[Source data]
....................

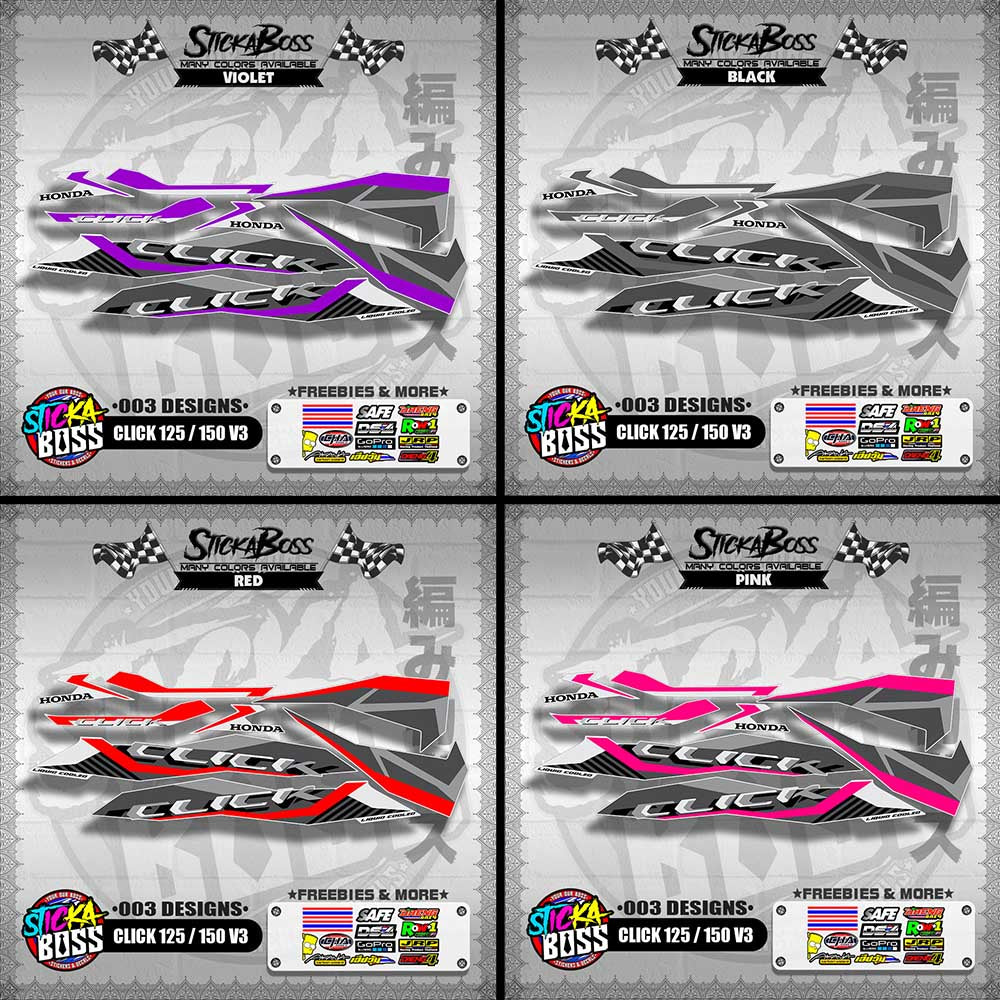 CLICK 125 / 150 V3 STOCK DECALS ( 003 DESIGNS )【WITH FREEBIES】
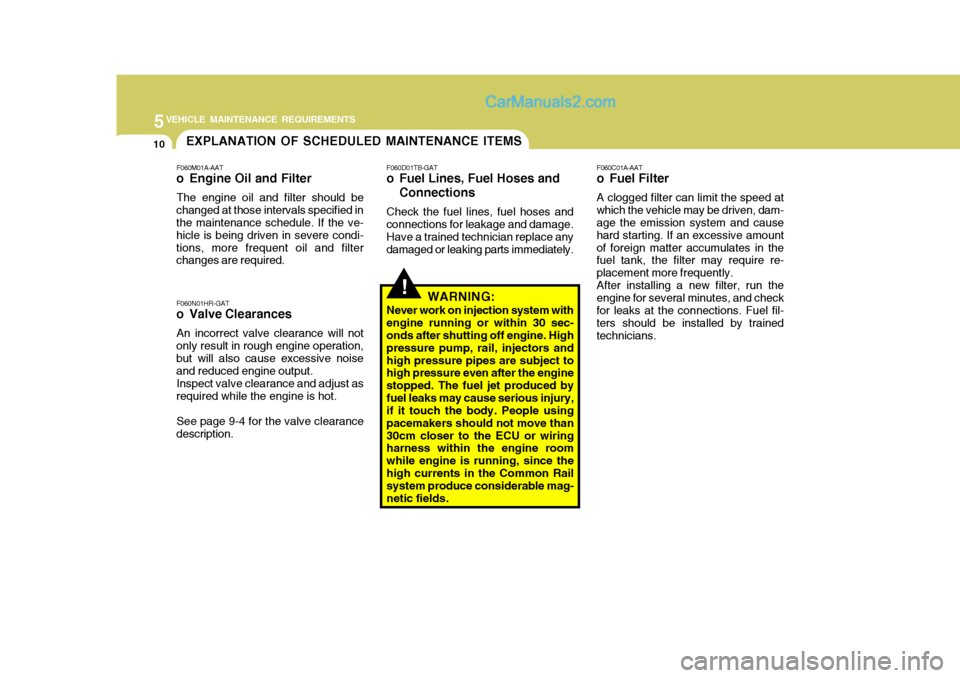 Hyundai H-100 Truck 2012 Owners Manual 5VEHICLE MAINTENANCE REQUIREMENTS
10
!
EXPLANATION OF SCHEDULED MAINTENANCE ITEMS
F060M01A-AAT
o Engine Oil and Filter
The engine oil and filter should be
changed at those intervals specified in the m Hyundai H-100 Truck 2012 Owners Manual 5VEHICLE MAINTENANCE REQUIREMENTS
10
!
EXPLANATION OF SCHEDULED MAINTENANCE ITEMS
F060M01A-AAT
o Engine Oil and Filter
The engine oil and filter should be
changed at those intervals specified in the m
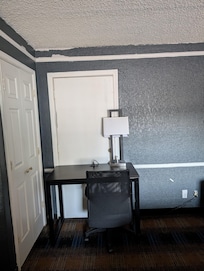Random door blocked with a desk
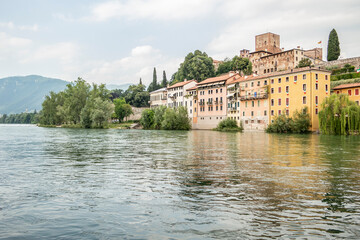 Fototapeta premium View at the Ponte degli Alpini in Bassano del Grappa, Vicenza - Italy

....................

EXERCISE BRIEF:
Each record above must be retyped exactly. Omit the pictures.

SOLUTION:
 CLICK 125 / 150 V3 STOCK DECALS ( 003 DESIGNS )【WITH FREEBIES】
 Hyundai H-100 Truck 2012 Owners Manual 5VEHICLE MAINTENANCE REQUIREMENTS
10
!
EXPLANATION OF SCHEDULED MAINTENANCE ITEMS
F060M01A-AAT
o Engine Oil and Filter
The engine oil and filter should be
changed at those intervals specified in the m Hyundai H-100 Truck 2012 Owners Manual 5VEHICLE MAINTENANCE REQUIREMENTS
10
!
EXPLANATION OF SCHEDULED MAINTENANCE ITEMS
F060M01A-AAT
o Engine Oil and Filter
The engine oil and filter should be
changed at those intervals specified in the m
Random door blocked with a desk
 Fototapeta premium View at the Ponte degli Alpini in Bassano del Grappa, Vicenza - Italy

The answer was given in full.